There has been a notable shift in the way consumers are paying for their goods and/or services. No longer are they as obsessive with owning the products that they purchase through large one-off payments. Instead, we are seeing shoppers gravitate towards a future that consists of purchasing items through several smaller payment instalments.
In fact, many of us are already using this exact model to pay for expensive items that we see as necessary items in our everyday lives, whether it be a mobile phone to communicate with friends and family or a vehicle to commute to and from work each day.
It therefore isn’t much of a surprise that we are seeing businesses from across all kinds of sectors taking this consumer-based model and applying it to the corporate world, helping them to purchase the assets they require on a payment-over-time basis.
The most obvious advantage — and the one that convinces many shoppers and businesses to go for a payment-over-time model in the first place — is that there are no substantial payments (some of which can be potentially crippling amounts) to be made at any stage in the process. Instead, the cost is broken down and paid for over a pre-determined period of time. It’s the difference between making a single £800 payment for a smartphone or opting for much more comfortable monthly payments of roughly £22 over a period of three years.

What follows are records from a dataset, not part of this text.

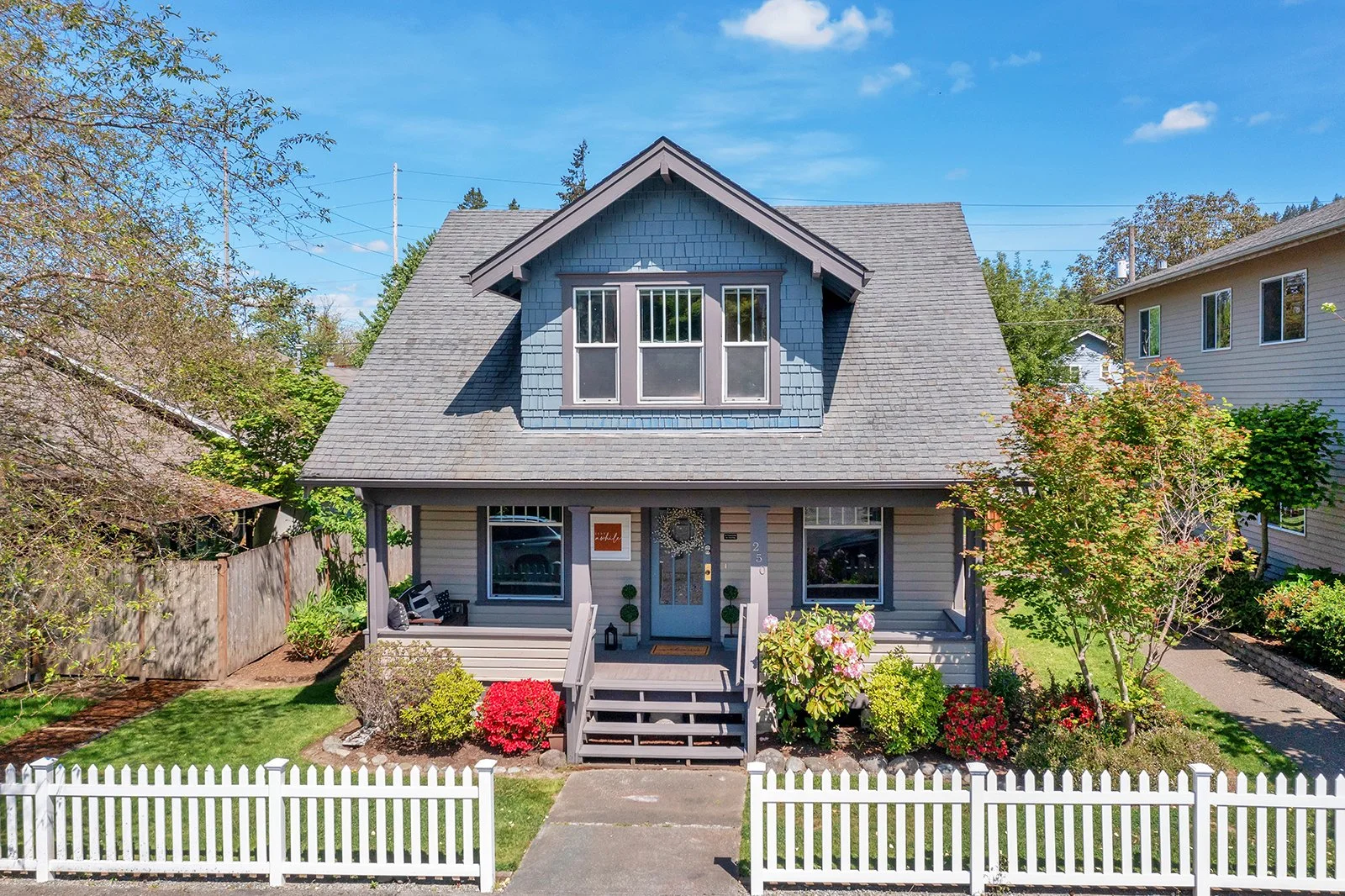 1920s Craftsman home at 250 SE Andrews Street in Downtown Issaquah with blue siding, white trim, gabled roofline, front porch, and manicured gardens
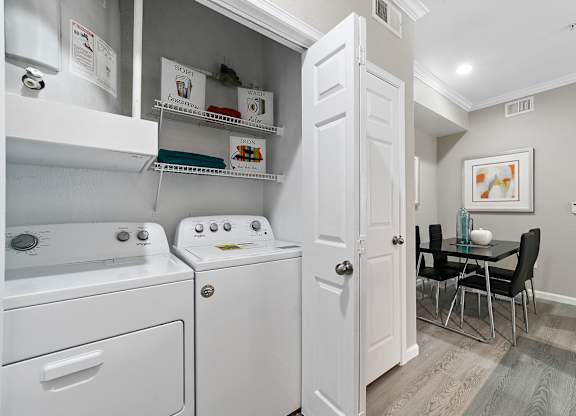 a laundry room with a washer and dryer and a dining room table with chairs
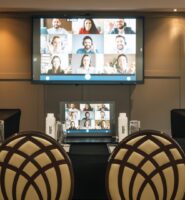 Elegant conference room setup at Louis Fitzgerald Hotel with virtual meeting display.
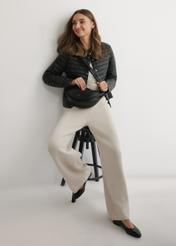 Čierna polkruhová dámska kabelka TOREC-1146-99(W26), pohľad na produkt na ramene modelky. Viditeľné celé telo.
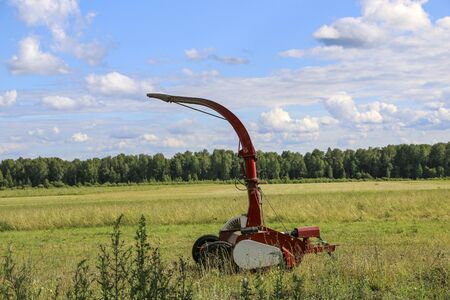 silage and forage harvesting equipment is standing on the edge of the field, waiting for work. A harvester near the field, before haymaking, and harvesting forage crops.の写真素材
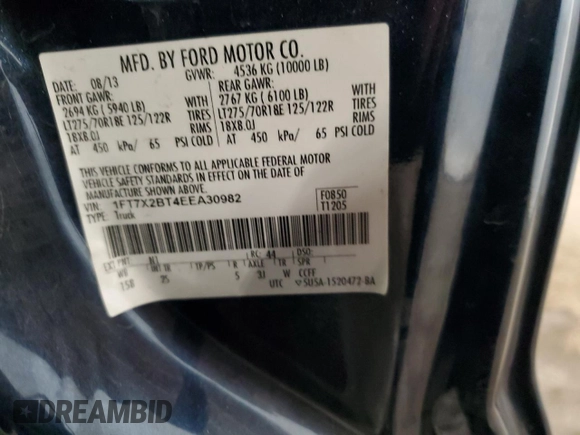 2014 Ford F-250 XLT with VIN 1FT7X2BT4EEA30982, listed as a Copart auction lot 77972454 with 261,755 mi miles and Salvage title. Bid and sale history available at DreamBid. Image 12.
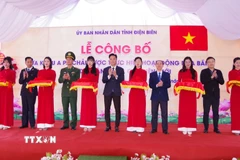 Các đại biểu thực hiện nghi thức cắt băng công bố Quyết định của UBND tỉnh Điện Biên về Cửa khẩu A Pa Chải. (Ảnh: TTXVN phát)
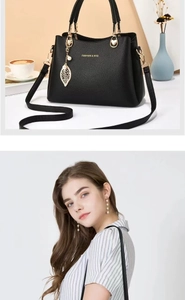 Détails d'un sac à main noir en cuir grainé avec pendentif feuille dorée et bandoulière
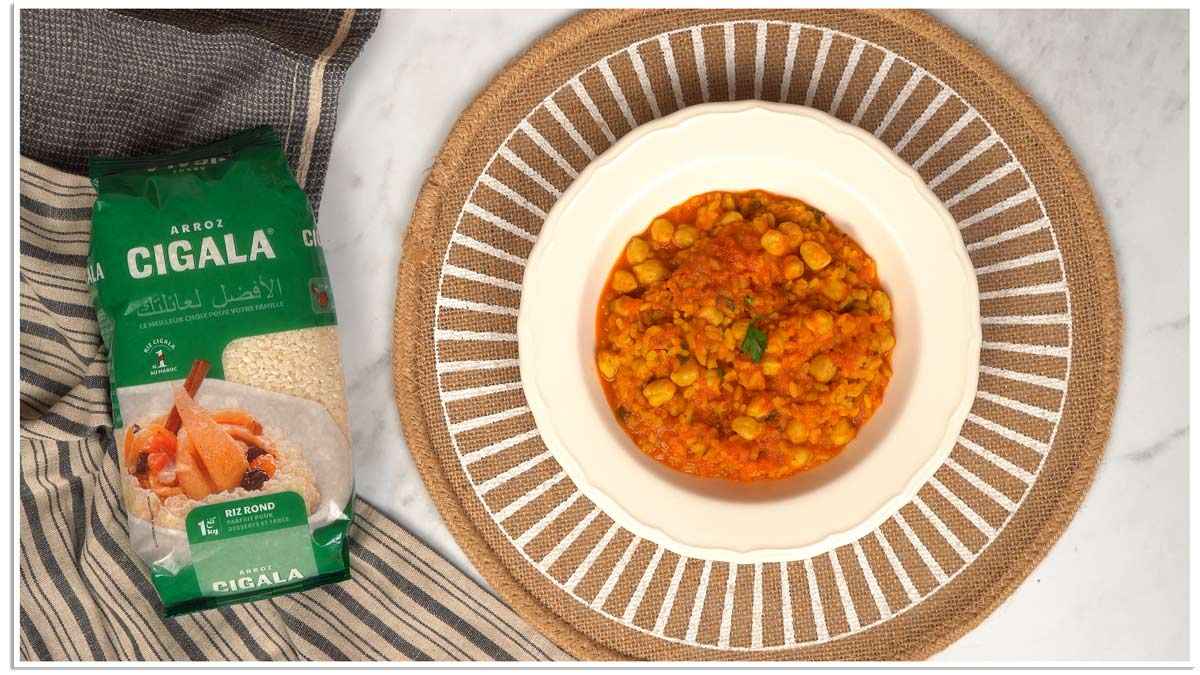 Finaliser et servir Un plat de riz aux pois chiches est servi dans une assiette blanche, prêt à être dégusté.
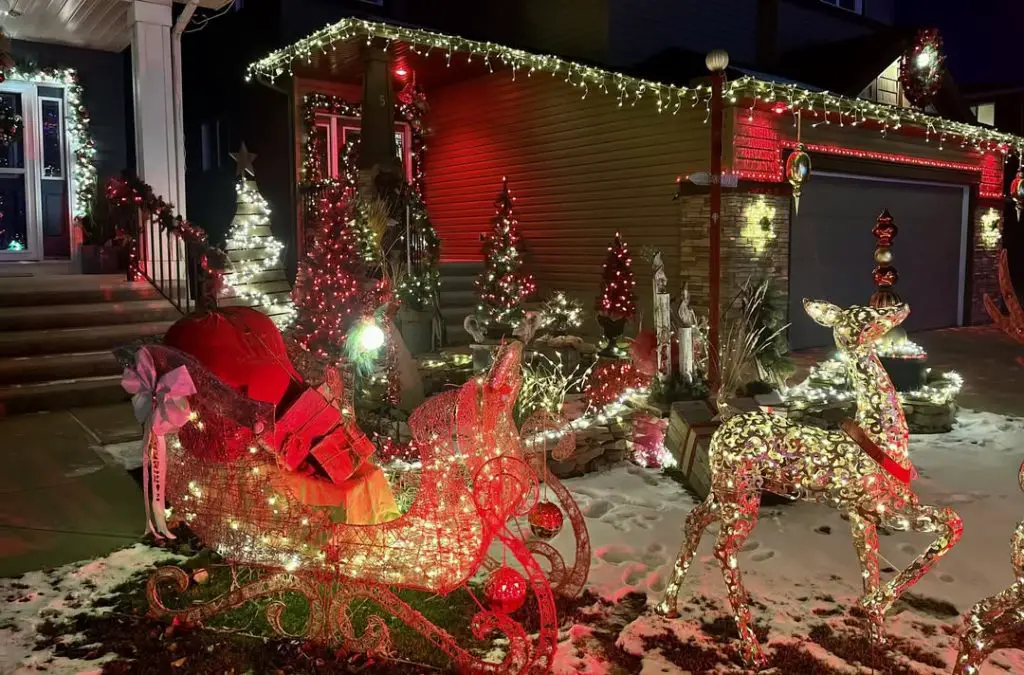 Illuminated wire reindeer in snow near stone house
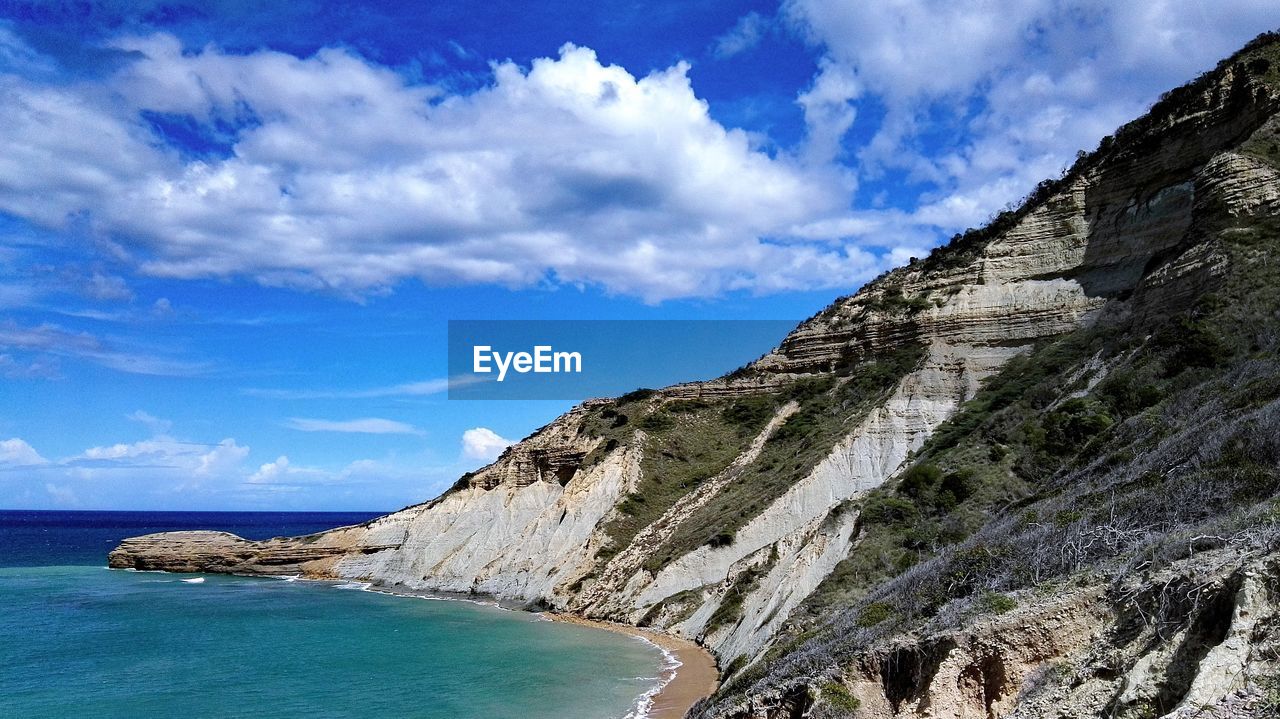 Scenic view of rocky mountains by sea against sky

Secondly, choosing to adopt many of these payment-over-time models means that businesses have an unprecedented level of freedom which allows them to continually upgrade and refresh their required assets across the duration of the payment plan. If a business hits the two-year mark on their contract and decides the laptops that it used through a payment-over-time model are outdated, for example, it can update those laptops quickly while also adjusting the monthly payment figure accordingly. This allows senior teams to ensure they are matching the investment costs of the business with the benefits being delivered over a number of years.
The impact of this so-called ‘renter society’ on the way businesses are choosing to operate has extended into the systems integrators market, which has in turn introduced a new era of innovation in an industry that has typically stuck to more traditional operating methods in recent times. With customers slowly becoming more accustomed to new, more modern methods of procuring goods and services, integrators are left with no other option than to adapt and evolve the methods in which they take their various solutions to market.
Historically within the integrators sector, the process of doing business has been fairly traditional. A customer might choose to buy hardware from one supplier, services from another supplier and software from someone else entirely. This used to work perfectly well for all parties involved, but it does nothing to appeal to our modern-day renter society sensibilities, and this could now even be perceived as an antiquated way of working, especially to the younger generations among us. In an attempt to modernise this model, suppliers started partially bundling certain offers together, which as a consequence, would reduce the number of overall suppliers required by customers — hardware might have been pre-configured with software, for example — but this still didn’t deliver the seamless and streamlined process that customers were really craving for.
Fast forward to the present day, and we are seeing another brand new business model emerging; one in which suppliers are providing not just the technology required by customers, but all of the accompanying services that are wrapped around it as well. This not only helps to simplify the procurement process for the customer by reducing the number of suppliers, but it also provides a single service payment approach. This is a definite win for the systems integrators themselves, as it means they are able to target a much wider customer base with a model that is both more affordable and attractive to them. It can also prove to be a very useful approach for companies that are looking to stay ahead of the curve as digital technology continues to advance and evolve.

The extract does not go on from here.